== Segment start ==
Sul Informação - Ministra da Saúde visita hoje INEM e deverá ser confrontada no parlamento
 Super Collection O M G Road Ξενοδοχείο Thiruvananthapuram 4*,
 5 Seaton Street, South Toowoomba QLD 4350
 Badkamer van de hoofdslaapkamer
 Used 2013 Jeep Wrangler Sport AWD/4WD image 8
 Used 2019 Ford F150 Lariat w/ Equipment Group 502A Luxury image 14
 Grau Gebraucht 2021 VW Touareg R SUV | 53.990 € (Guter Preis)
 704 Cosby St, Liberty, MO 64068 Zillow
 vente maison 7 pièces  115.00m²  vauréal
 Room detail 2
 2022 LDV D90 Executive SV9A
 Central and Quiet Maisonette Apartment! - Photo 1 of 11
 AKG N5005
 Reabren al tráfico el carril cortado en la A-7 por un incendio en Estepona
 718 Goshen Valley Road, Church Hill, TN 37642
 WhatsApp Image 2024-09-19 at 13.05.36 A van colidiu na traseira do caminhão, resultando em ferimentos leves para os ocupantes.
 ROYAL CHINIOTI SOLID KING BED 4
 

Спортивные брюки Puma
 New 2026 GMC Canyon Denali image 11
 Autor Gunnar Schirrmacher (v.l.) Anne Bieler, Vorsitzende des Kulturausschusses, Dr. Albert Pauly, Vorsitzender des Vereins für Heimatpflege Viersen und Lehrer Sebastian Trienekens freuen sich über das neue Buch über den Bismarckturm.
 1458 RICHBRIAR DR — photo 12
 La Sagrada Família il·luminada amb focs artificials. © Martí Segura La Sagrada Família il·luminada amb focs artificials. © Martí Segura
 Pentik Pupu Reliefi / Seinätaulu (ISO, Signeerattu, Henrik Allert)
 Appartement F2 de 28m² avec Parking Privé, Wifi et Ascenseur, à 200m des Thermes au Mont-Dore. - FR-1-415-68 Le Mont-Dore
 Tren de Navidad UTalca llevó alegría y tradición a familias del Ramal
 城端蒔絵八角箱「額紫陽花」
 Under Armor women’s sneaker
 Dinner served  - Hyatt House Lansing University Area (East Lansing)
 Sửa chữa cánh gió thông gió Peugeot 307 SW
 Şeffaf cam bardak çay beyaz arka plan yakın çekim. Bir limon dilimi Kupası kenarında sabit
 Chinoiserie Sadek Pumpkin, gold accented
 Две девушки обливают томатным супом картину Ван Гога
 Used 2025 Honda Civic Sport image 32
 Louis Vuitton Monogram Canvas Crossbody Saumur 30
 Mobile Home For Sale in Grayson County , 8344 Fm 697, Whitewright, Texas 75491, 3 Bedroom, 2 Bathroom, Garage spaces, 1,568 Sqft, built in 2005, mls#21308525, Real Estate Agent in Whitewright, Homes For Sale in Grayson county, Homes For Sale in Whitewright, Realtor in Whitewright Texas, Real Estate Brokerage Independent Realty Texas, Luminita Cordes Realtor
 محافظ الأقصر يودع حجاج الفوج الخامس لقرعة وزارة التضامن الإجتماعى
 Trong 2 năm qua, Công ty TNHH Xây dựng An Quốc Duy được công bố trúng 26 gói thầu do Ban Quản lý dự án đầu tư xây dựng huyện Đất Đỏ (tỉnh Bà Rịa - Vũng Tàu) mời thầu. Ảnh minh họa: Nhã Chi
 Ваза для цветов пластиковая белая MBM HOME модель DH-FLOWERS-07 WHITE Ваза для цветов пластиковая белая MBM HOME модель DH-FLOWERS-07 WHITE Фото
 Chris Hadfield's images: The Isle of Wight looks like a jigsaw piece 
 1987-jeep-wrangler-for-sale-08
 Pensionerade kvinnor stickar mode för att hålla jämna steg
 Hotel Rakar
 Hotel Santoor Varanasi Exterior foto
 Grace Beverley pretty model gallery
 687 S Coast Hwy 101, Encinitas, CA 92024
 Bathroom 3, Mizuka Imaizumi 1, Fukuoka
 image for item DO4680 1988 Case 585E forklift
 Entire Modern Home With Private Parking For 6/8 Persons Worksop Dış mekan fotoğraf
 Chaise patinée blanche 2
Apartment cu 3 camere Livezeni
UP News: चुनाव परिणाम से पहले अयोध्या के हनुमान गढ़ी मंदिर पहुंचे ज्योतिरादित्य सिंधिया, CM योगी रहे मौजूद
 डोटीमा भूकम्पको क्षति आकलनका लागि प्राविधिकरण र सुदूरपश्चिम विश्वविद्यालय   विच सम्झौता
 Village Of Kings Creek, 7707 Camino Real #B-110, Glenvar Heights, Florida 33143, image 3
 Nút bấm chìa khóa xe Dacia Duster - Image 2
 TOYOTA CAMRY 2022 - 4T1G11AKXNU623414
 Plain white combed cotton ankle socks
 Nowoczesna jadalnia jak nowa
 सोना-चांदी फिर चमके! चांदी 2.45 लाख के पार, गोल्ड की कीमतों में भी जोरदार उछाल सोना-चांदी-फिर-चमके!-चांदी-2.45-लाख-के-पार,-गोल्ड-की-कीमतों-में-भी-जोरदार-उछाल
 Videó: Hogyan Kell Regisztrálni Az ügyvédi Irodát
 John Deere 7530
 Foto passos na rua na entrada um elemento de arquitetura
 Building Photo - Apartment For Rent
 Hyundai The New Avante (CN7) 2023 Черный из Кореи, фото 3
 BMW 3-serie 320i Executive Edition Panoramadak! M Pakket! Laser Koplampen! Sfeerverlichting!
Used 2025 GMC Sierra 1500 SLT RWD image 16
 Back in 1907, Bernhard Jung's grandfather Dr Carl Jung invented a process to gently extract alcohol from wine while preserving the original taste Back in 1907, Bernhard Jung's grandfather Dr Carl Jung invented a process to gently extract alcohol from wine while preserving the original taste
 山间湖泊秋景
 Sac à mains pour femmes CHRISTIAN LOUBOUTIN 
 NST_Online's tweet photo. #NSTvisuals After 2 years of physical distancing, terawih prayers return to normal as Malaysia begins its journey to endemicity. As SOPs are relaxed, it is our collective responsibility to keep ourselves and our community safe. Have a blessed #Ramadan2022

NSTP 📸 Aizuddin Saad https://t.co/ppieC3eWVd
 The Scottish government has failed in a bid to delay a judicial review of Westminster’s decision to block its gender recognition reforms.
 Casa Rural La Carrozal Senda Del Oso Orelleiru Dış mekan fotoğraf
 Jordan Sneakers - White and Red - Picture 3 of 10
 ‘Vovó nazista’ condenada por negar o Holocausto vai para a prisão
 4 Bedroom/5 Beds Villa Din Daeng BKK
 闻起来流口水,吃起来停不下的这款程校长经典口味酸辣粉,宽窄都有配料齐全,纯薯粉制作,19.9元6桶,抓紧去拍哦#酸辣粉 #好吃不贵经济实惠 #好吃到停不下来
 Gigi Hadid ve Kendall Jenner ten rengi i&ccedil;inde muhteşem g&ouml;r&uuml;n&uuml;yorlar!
== Segment end ==
Assignment: What lines in the listing contain "Used"? Copy them all.

Expected output:
 Used 2013 Jeep Wrangler Sport AWD/4WD image 8
 Used 2019 Ford F150 Lariat w/ Equipment Group 502A Luxury image 14
 Used 2025 Honda Civic Sport image 32
Used 2025 GMC Sierra 1500 SLT RWD image 16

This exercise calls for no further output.